Oakland Raiders: Why Trading for Donovan McNabb Is a Bad Idea
Lately, there is a lot of talk among Raider fans of the possibility of us landing veteran QB Donovan McNabb in a trade.
He would be an instant upgrade at QB over JaMarcus Russell and Bruce Gradkowski. But at what cost and is it worth it?
I say no way.
Along with the Raiders there are other teams who have inquired about Donovan: the SeaHawks, the Rams, the Bills, and likely a few others. With multiple bidders, only the team willing to give up the most will land him. And currently, with the Raiders team full of holes on offense and defense, and already down a 2011 first-round draft pick, they are not in a position to give up much in a trade.
The Eagles are said to be asking for at least a first rounder.
But allegedly the Eagles came to an agreement with the Rams already. The Eagles are allegedly willing to send McNabb to St. Louis for a second rounder (33rd overall) and a player. A second rounder that might as well be a late first rounder.
Only one problem. The Rams will not agree to the terms of the trade unless McNabb agrees to re-sign to a multi-year deal. McNabb wants a ring and to at least play for a contender, something the Rams are not.
The sad reality is McNabb has no say in what team he goes to. But if the Eagles trade him to the Rams or Raiders without a long-term deal, chances are McNabb will play out the one year remaining on his contract and find a contender next year as a free agent.
What's to say this wouldn't happen if he were to sign with the Raiders? Some Raider fans believe the Raiders aren't that far off of being contenders. Good luck convincing McNabb of that.
An early second pick and a player is a heavy price to pay to rent a player for one year. McNabb only has one year on his contract and if the Rams, Raiders, or any other team trade for him nothing is stopping him from finding another team next year.
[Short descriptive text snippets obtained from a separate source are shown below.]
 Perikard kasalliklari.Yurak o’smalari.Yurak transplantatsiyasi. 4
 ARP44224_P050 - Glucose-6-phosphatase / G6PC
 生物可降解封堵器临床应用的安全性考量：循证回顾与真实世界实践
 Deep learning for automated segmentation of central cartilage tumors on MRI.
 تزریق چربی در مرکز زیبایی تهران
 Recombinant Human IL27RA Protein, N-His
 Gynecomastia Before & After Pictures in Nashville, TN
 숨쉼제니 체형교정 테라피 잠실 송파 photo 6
Except for a franchise tag, I guess...
If we were a legitimate contender and merely a QB away, it wouldn't be a bad idea.
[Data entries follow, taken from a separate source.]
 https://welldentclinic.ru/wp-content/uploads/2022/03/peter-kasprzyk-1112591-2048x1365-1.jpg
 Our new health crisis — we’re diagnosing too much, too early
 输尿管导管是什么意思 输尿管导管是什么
But unfortunately we are more than just a QB away and trading for McNabb would only hamper our ability to improve our O-line and run defense.
Next, at 34 years old, McNabb is no spring chicken and has a long history of injury. And with age he will only become more fragile.
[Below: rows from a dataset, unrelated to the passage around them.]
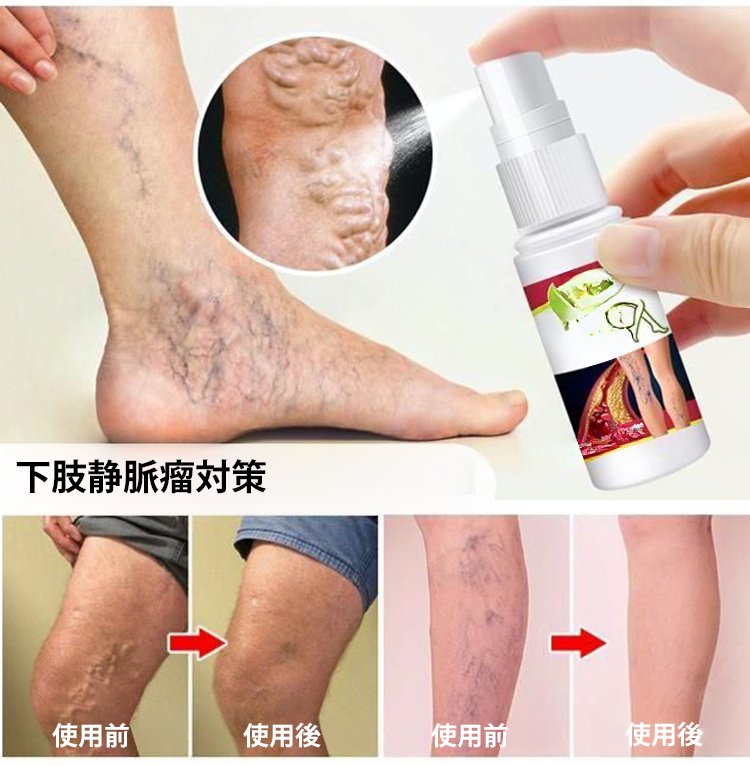 静脉喷雾JP_05.jpg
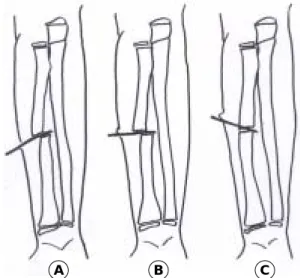 Table 1. Functional result by Thomas 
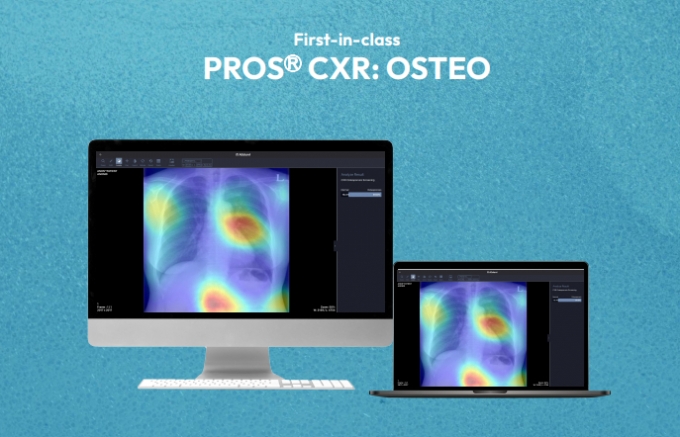 프로메디우스의 엑스레이 기반 골다공증 분석 AI 솔루션 &#039;PROS(R) CXR: OSTEO&#039;/사진제공=프로메디우스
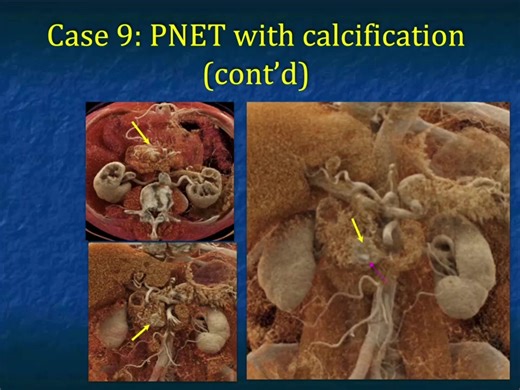 PNET with calcification From "Typical and Atypical Appearances of Pancreatic Neuroendocrine Tumors (PNETs): Role of CT Angiography (CTA) and Cinematic Rendering (CR) - Part 2" View the lecture here: https://www.ctisus.com/media/2023/03/13/typical-and-atypical-appearances-of | CTisus: Cutting edge information on body CT (Computed tomography).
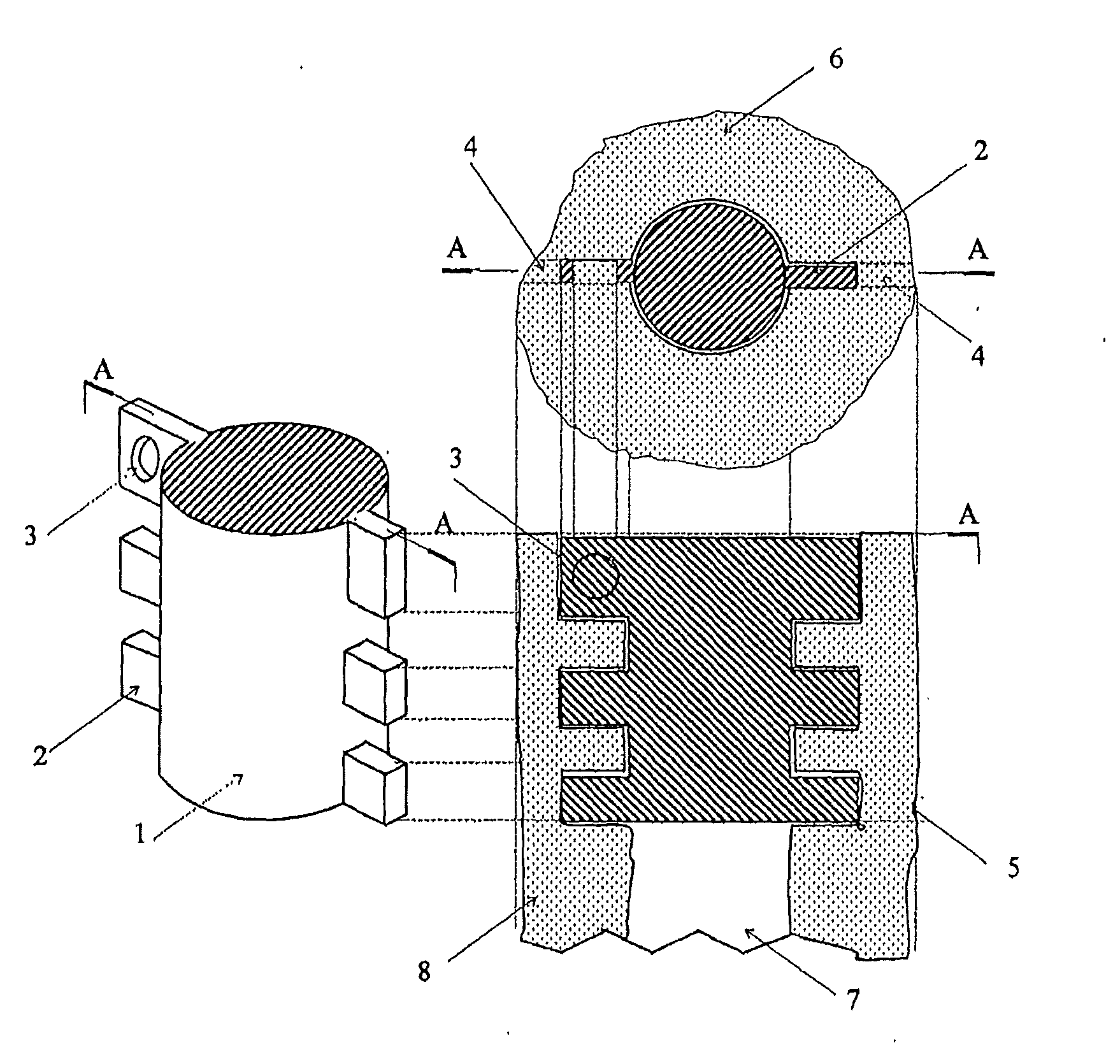 In-bone implantable shaft for prosthetic joints or for direct skeletal attachment of external limb prostheses and method of its installation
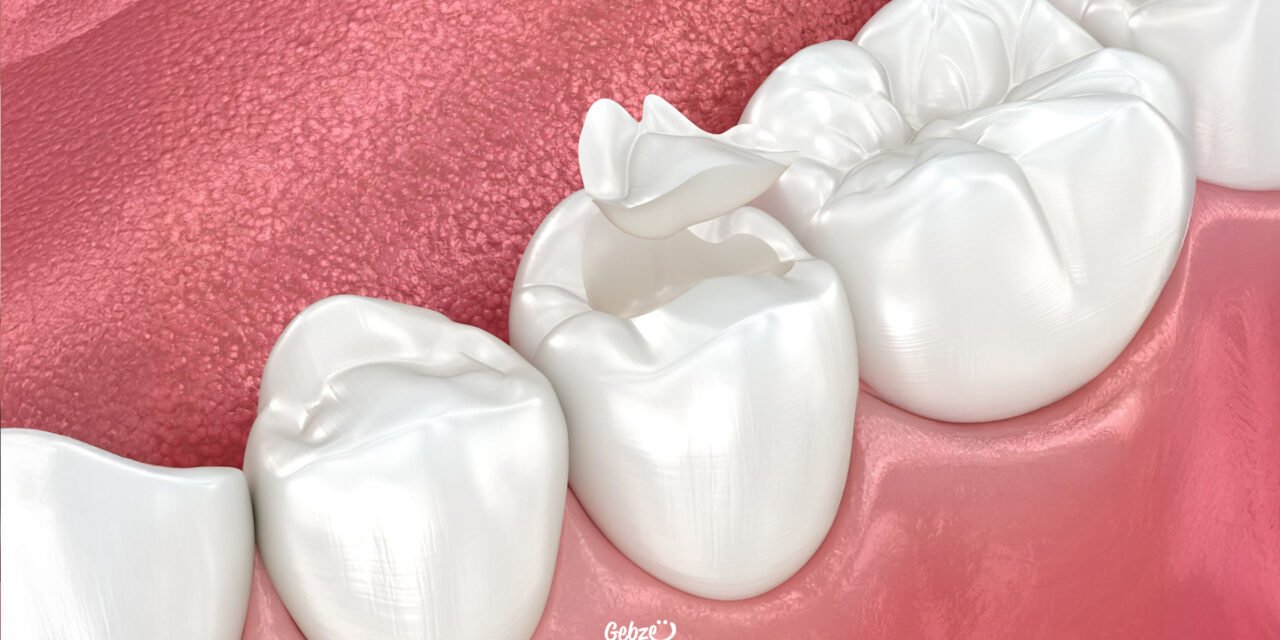Diş Dolgusu Çeşitleri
Remember Charlie Frye and Bruce Gradkowski? They combined for seven starts, yet were only able to finish four games. How long would McNabb last behind center for the Raiders? Two, maybe three weeks.
McNabb couldn't handle the beating QBs take in Oakland.
Then remember how well McNabb performs under pressure. As Raider fans we all saw it first hand. Sure he threw for 269 yards but he didn't find the endzone once, only completed 22 of 46 passes (less than 50 percent), and was sacked six times. In Oakland he would see that kind of pressure week in and week out.
And don't forget about the pick six McNabb threw to Stanford Routt. Oh wait, that's right—the refs saved McNabb's ass with a phantom pass interference call.
McNabb to the Raiders sounds like a great idea at first, but when you really look at it, it would hurt more than it would help.